Reel Politique: Links of Interest, Trailers from Hell

Trailers From Hell

Film director Joe Dante had a clever idea earlier this year. It was to celebrate his favorite genre films via their trailers, and invite his friends and colleagues to do the same, providing intros and optional commentary tracks over the trailers themselves.

The result is Trailers from Hell, which launched early in July of this year. As of this writing, there are about 50 trailers on the site, with about three added each week. Curators of the site (i.e., the introducers and commentators) include Allison Anders who covers The Naked Spur, All That Heaven Allows, and Privilege, among others; Allan Arkush, who does Wild in the Streets and House of Bamboo, for starters; Larry Cohen takes on Spartacus and Hitchcock’s Marnie (which he dislikes); Stephen King-specialist Mick Garris broods on Kiss Me Stupid, Dementia 13, and White Zombie; Screenwriter Sam Hamm takes on 20 Million Miles to Earth and 13 Ghosts, among several others; Mary Lambert, director of Pet Sematary, concentrates on Corman, with considerations of House of Usher and The Masque of the Red Death, among others; John (Animal House) Landis is slightly tonier with his reviews of Sunset Boulevard, Sweet Smell of Success (about which he mistakenly says that director Alexander Mackendrick is British), The T.A.M.I. Show (whose live show he attended as a lad), and The Fall of the Roman Empire (the trailer of which is so long that Landis’s fund of information is taxed); Edgar Wright, of Shaun Of The Dead, who talks about Dario Argeto’s Suspiria and the Amicus anthology film Dr.

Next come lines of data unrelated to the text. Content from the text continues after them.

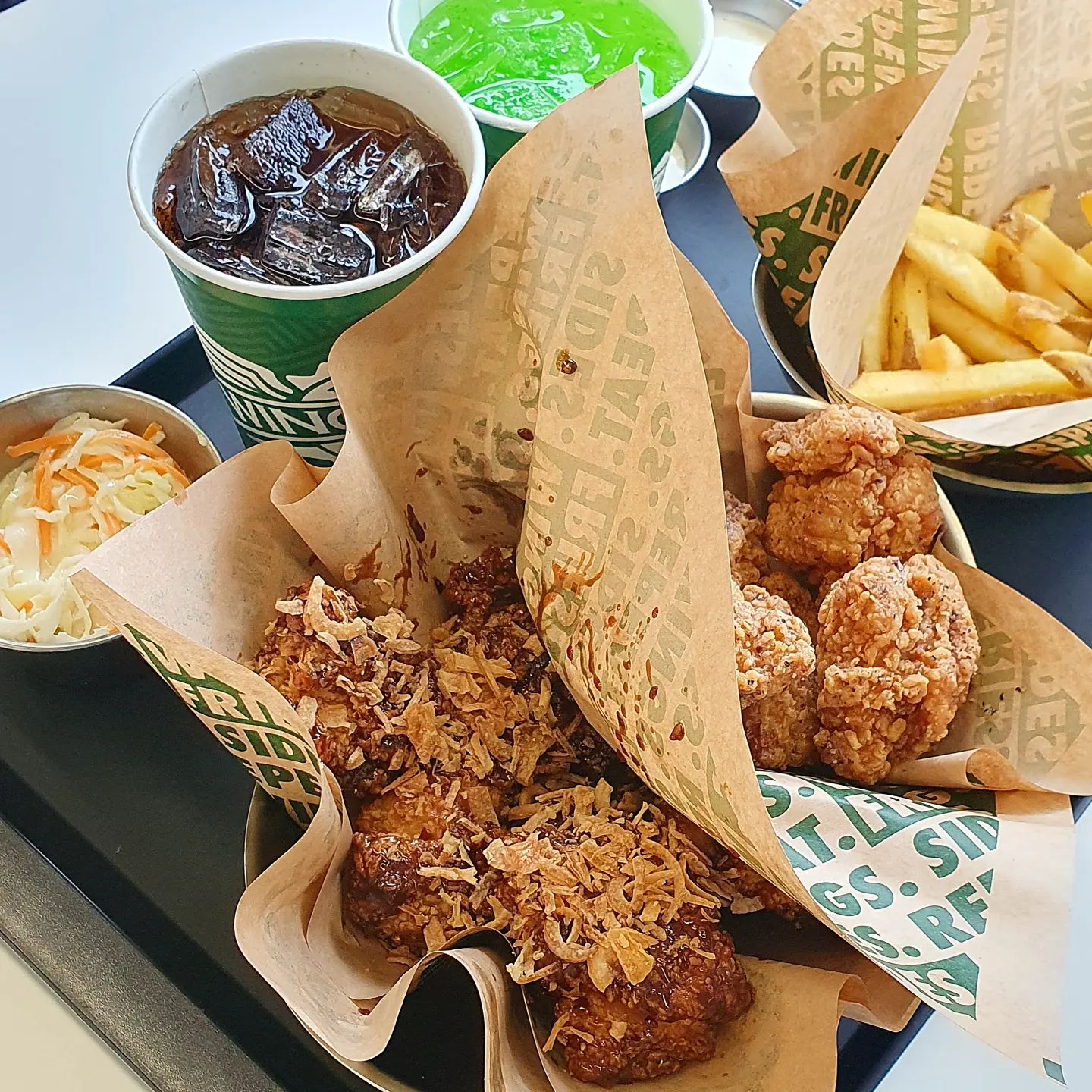 #협찬
언제 먹어도 맛있는 치킨 🍗
요즘 sns에서 미국 브랜드 치킨이 국내에 상륙했다고 핫하더라구요!!
그래서 못 참고 얼른 다녀왔어요~
강남에 위치한 윙스탑 치킨집이예요 🐔
⠀
주문은 키오스크로 하면 되고, 저는 2인 커플팩으로 주문!
매장 내부 깔끔했고, 미국 치킨 브랜드라 그런가 외국인이 많아서 깜짝 놀랐어요 ㅎㅎㅎㅎ
소스는 9가지가 있어서 고를 수 있는데
저는 스윗 스파이시 소이와 레몬페퍼를 골랐습니다 🍋
⠀
클래식(윙&봉), 순살 이렇게 종류 선택이 가능한데 저는 순살로!! 
주문과 동시에 갓 튀겨져 나오니까 정말 겉바속촉!!! 튀김은 바삭하고, 속 살은 부드럽고 맛있더라구요 🧡
짭짤했지만 소스도 맛있고, 선택할 수 있는 사이드도 많아서 배부르게 먹을 수 있었습니다 👍
⠀
⠀
#강남맛집 #신논현맛집 #강남치킨 #강남치킨맛집 #신논현역맛집#신논현점심 #점심맛집 #신논현치킨 #강남회식장소 #강남데이트장소 #윙스탑 #미국치킨 #강남치맥 #강남치킨추천
⠀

Terror’s House of Horrors, among others; and of course there is Dante himself, covering Mr. Arkadin, The Innocents, Attack of the 50 Foot Woman, and The Terror, among numerous others. Soon director Jack Hill, among others, will be discussing Bloodbath and Foxy Brown.

The crew don’t review the trailers themselves necessarily (though Ms. Anders does note that the trailer for Privilege is misleading and Dante is frank about how bad the trailer for The Innocents proved to be), and their commentaries range from technical and informative, to highly personal (Ms. Lambert on Village of the Damned). And the trailers seem to come in themes. Currently there is an obsession with the hippie era, with Arkush on Wild in the Streets and Ms. Anders on Psyche Out. The joy of Trailers from Hell is that some of the best current filmmakers surprise us with their enthusiasm and knowledge of films often spurned by the mainstream yet which fueled their own artistry.